Transparency as a structural constraint on Commission discretion
As can be seen, the intensity of review at stage two depends on how rigorously the Commission frames the stage one conditions. To ensure that the Commission continues to require sufficiently strong benchmarks, further mechanisms are required to help ensure the creation of sufficiently strong benchmarks. Transparency is central among these mechanisms in its ability to act as a disciplining device that is both ex ante and ex post in nature. It works ex ante by incentivising the drafting of robust and defensible benchmarks, and ex post by enabling scrutiny of whether those benchmarks reflect the horizontal conditions.
The Advocate General rightly criticises that “many steps relating to the use of the EU funds and the implementation of different forms of conditionality in that respect are not sufficiently transparent”. She notes that this is “at odds with the principle of democracy as it makes it difficult for EU citizens to understand how and why many of the budgetary decisions are taken”. She is therefore in favour of the publication of the Commission approval decisions.
Under the proposed NRPP, the rule of law horizontal condition provides that the Commission shall inform Parliament of any decision related to non-fulfilment of the condition or any repeals thereof. The proposal does not include such a requirement for the Charter condition. This implicit hierarchisation is a critical oversight. Parliament would be unable to effectively exercise its traditional scrutinising role, undermining proper inter-institutional balance. There is no clear reason for this omission that is capable of normative justification. Fundamental rights and the rule of law are interdependent and attributed equal importance as values on which the Union is founded.
Moreover, there are currently no plans to publish acts laying down the specific criteria to be met for the release of suspended funds and the acts subsequently releasing the funds. This directly contradicts the principle of openness contained in Articles 10(3) TEU and 15(1) TFEU. It also prevents civil society from serving its watchdog function. Without access to their content, it is impossible to assess whether the Commission has translated abstract requirements into sufficiently concrete and measurable obligations that are subsequently fulfilled by the Member State. Transparency strengthens indirect accountability by enabling civil society to provide vital inputs and insights to actors who can hold the Commission accountable. I refer here in particular to the European Parliament in its ability to legally challenge such decisions, but also to the European Ombudsperson.

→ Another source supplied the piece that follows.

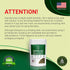 Damiana Herb Leaf Tea for Women, Men | Loose Leaf, Dried, Cut and Sifted for Adrenal Support| 4oz / 114 Grams| Made in USA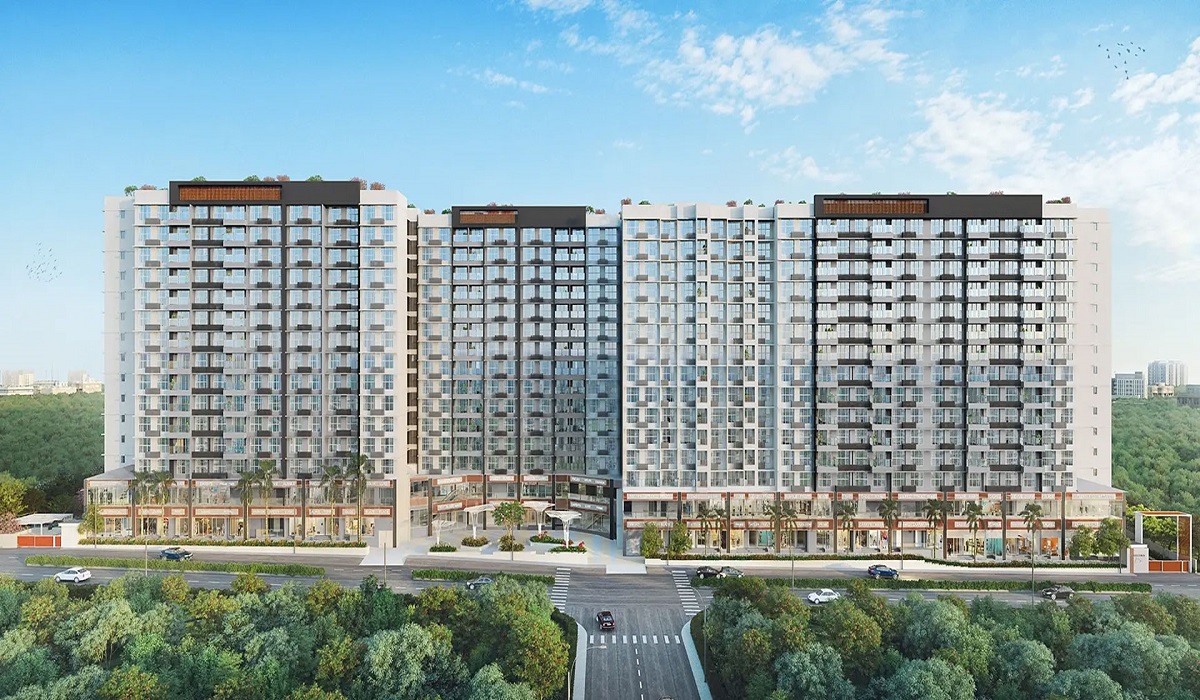 2 BHK and 3 BHK Godrej New Launch Shettigere Apartments in Bangalore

For transparency to fulfil its intended purpose, it must also be ensured that the Commission provides duly justified reasons for its decisions. While this obligation is implied by the budgetary framework, as noted by the Advocate General, it would benefit from explicit codification in the NRPP Regulation. Indeed, reason-giving is an indispensable complement to publication. Mere disclosure without explanation of how each benchmark has been assessed cannot meaningfully constrain discretion.
Conclusion
The strength of the NRPP’s conditionality architecture is fundamentally dependent on the limits placed on Commission discretion and on the incorporation of accountability mechanisms. The NRPP Regulation should require full compliance with pre-established benchmarks, extend horizontal obligations to the Commission, and embed robust requirements of transparency, the duty to give reasons, and publication. This would ensure a governance model that is itself grounded in rule of law principles and would simultaneously reinforce the EU’s commitment to its values.